Bow hair wears out over time and needs to be replaced. Your bow hair is past its prime if you notice any of the following:
- The bow doesn't grip the strings as easily as it used to, or produces a softer tone.
- The bow hair is a darker color closer to the frog, due to a deposit of oil from your fingers.
- The hair on your bow does not extend all the way across the metal
ferrulethat holds the hair onto the bow's frog. You may notice a number of broken hair stubs where the hair used to be.
Never touch the hair of your bow. You will leave a slick spot from oils on your fingers that will make it difficult both to produce a good sound and for rosin to stick to the hair. New bow hair should perform well for six months to a year, depending on how much you play and the quality of hair on the bow. We recommend that you have a violin shop or bow maker rehair your bow, to make sure that good quality hair is used, that it is placed evenly across the frog, that it is cut to the correct length, and that the correct amount of hair is used. Ask to have your bow checked for warps while it is being rehaired. The shop should be able to straighten any bad curves in the bow and make any other repairs, such as broken tips, or poorly fitting end screws.

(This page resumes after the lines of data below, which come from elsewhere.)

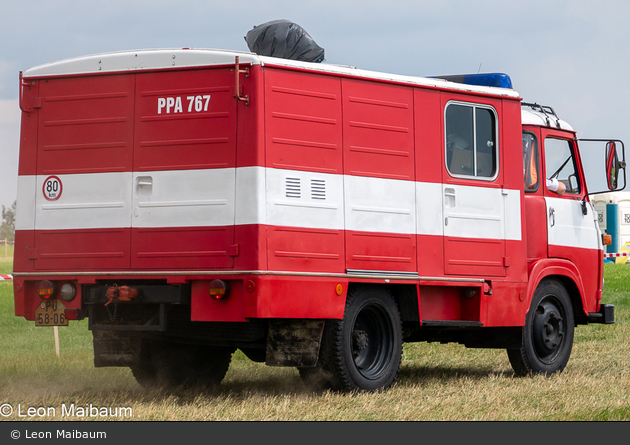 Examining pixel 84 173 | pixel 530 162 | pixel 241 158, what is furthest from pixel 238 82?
pixel 530 162

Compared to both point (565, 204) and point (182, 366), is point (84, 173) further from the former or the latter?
point (565, 204)

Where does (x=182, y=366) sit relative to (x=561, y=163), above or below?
below

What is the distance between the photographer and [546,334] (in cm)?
975

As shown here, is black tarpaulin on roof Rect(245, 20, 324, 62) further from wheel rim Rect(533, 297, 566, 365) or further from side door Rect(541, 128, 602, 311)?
wheel rim Rect(533, 297, 566, 365)

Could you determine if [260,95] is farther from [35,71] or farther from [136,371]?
[136,371]

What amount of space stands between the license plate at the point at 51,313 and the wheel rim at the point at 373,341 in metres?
2.53

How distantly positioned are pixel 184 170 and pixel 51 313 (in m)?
1.75

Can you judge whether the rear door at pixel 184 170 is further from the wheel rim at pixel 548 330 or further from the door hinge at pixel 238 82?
Answer: the wheel rim at pixel 548 330

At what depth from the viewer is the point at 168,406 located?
22.9ft

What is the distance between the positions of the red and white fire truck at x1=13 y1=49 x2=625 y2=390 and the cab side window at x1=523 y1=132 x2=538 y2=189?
93 centimetres

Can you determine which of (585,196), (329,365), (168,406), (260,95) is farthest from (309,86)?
(585,196)

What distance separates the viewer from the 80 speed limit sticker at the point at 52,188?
7.72 metres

The bow can be fragile, and the string player who has not broken the ivory tip of the bow or even broken off the head of a bow is rare. Do not wave your bow around, and avoid knocking the head of the bow against anything. Bows can be repaired, but the expense of repairing a broken head is often more than the value of the bow itself. Even with this repair, the value of the bow will never be the same as it was before it was damaged. The ivory tip is not simply decoration. It protects the head and should be repaired, if it is broken.